Miss Tulip Stays the Night / The Great Game Review
The pairing of Miss Tulip Says the Night and The Great Game marks the sixth release in the BFI’s ongoing Adelphi Collection. It also marks a return to the double-bill format following August’s standalone DVDs of Tommy Trinder vehicle You Lucky People! and Fun at St. Fanny’s, which re-introduced audiences to the curious talent that was Cardew ‘The Cad’ Robinson. This time around Diana Dors is the focus though not necessarily the lead: in 1953’s The Great Game she’s one of an impressive supporting cast that also includes John Laurie and Thora Hind; in 1955’s Miss Tulip Stays the Night, her final film for Adelphi, she enjoys joint top-billing with Patrick Holt. A poster for the latter, reproduced in this set’s booklet, saw things slightly differently and dubbed her “Dynamic Diana Dors” - her name appearing in capital letters, no less, and above that of her co-star. It’s hard to disagree as her presence is surely one of the main reasons as to why we’re watching fifty-plus years later. These unassuming little features may not be the best films she made during her career - for those I would point you in the direction of Carol Reed’s A Kid for Two Farthings, made immediately after Miss Tulip Stays the Night, or another BFI release of 2011, Jerzy Skolimowski’s Deep End. But they do make for interesting viewing, not only for the sight of a Dors on her way towards stardom, but also for those other performers around her, a mixture of familiar names and/or faces from Holt, Laurie and Hird to Cicely Courtneidge, Sheila Shand Gibbs and Joss Ambler.
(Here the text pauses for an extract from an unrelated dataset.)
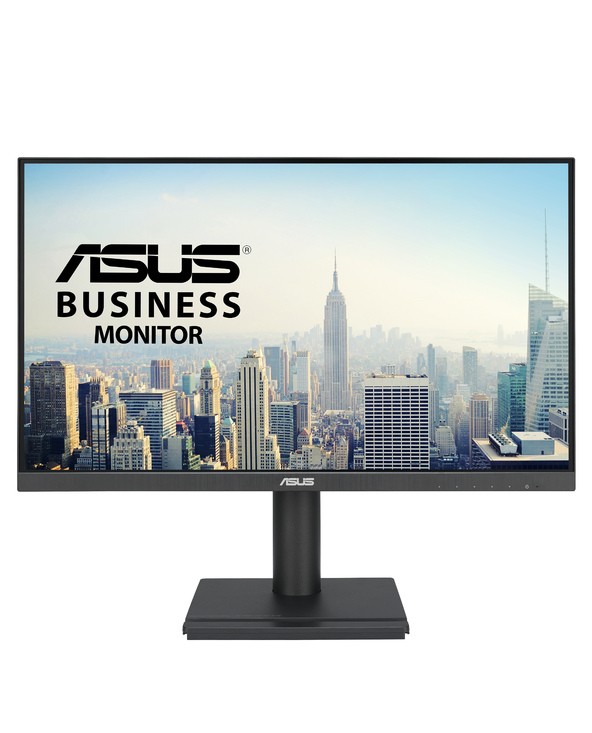 ASUS VA24DQFS computer monitor features a sleek black design, 23.8-inch screen, 1920 x 1080 resolution, and a sturdy stand, ideal for business use.
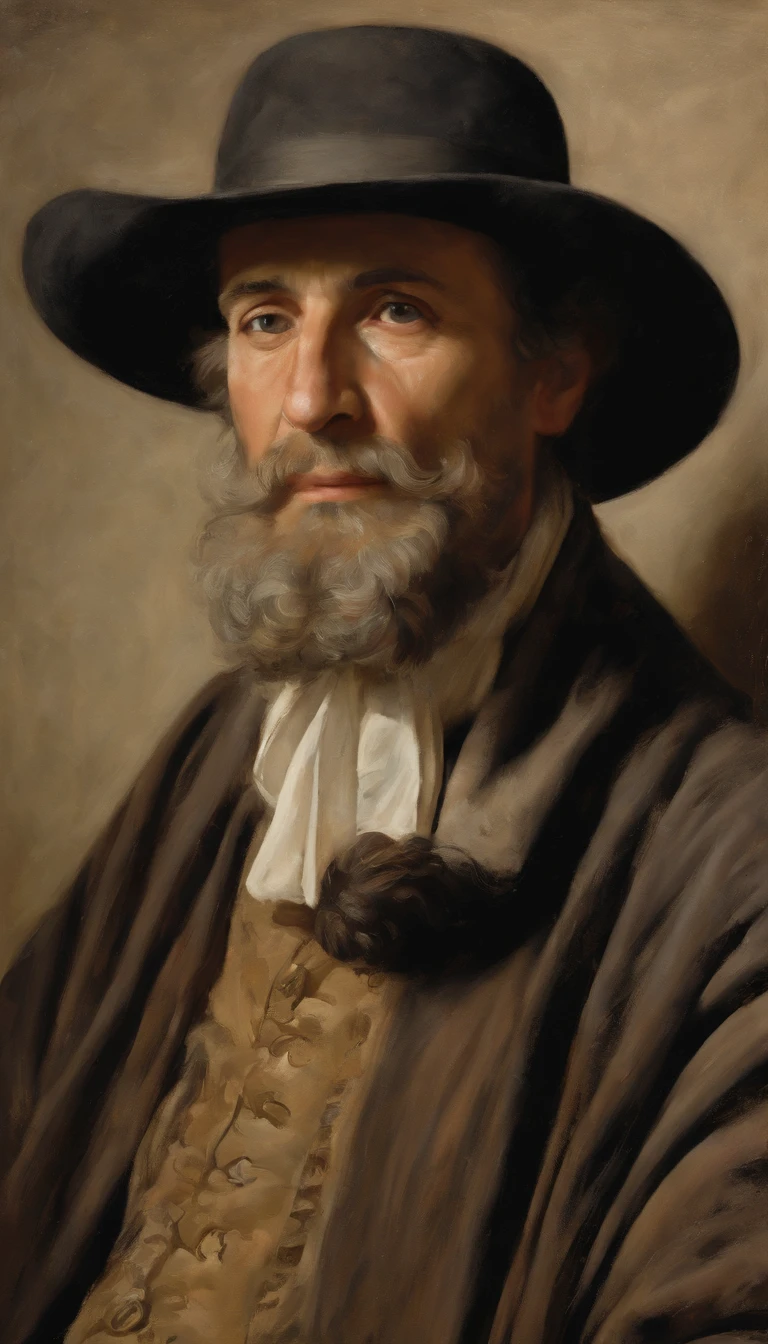 Una imagen sin barba, sin pelos en la cara, del pintor renacentista Rafael Sanzio pintando un cuadro, cabello largo de color negro, (SIN BARBA), su rostro NO debe tener barba, gorro de color negro, barbilla alargada, sin pelos en la cara, mirando hacia el cuadro que esta pintando, Character with a male face from the Renaissance era, hombre del siglo XVI del renacimiento, Rafael Sanzio debe estar de pie pintando una obra de arte, mirada profunda, imagen de alta calidad, (obra maestra), (hombre serio sin barba), el pintor debe estar frente a un lienzo, Have a reference to the Renaissance era, RAFAEL SANZIO pintor renacentista.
Focussing on the actors is perhaps a polite way of saying the plotting is somewhat thin and unimportant. The Great Game concerns the fictional football team Burnville United (aka “Kick and Rush United”), threatened by relegation and with a chairman willing to break the rules in the pursuit of striker Glyn Houston from a rival team. It’s pure backstage melodrama with the footballing element being largely insignificant despite shooting the film at Brentwood FC’s Griffin Park and making use of both their players and their fans. It’s also largely insignificant and admittedly musters up little interest, but then it is offset with a gentle humour and plenty of broad comedy characterisation from its supporting cast; nobody could ogle Dors’ sexpot secretary quite like John Laurie does in the opening scene. Miss Tulip Stays the Night is just as broad, but here the comedy mixes with murder mystery. Dors and her husband Holt, an author of crime fiction, move into their new cottage in the country only to find unexpected visitor, the titular Miss Tulip (played by Courtneidge, later to play Mrs. Butler in On the Buses), dead in an armchair the following morning. The police arrive and, naturally, bumble along in their investigation whilst Holt indulges in a spot of amateur detective work whilst simultaneously avoiding suspicion.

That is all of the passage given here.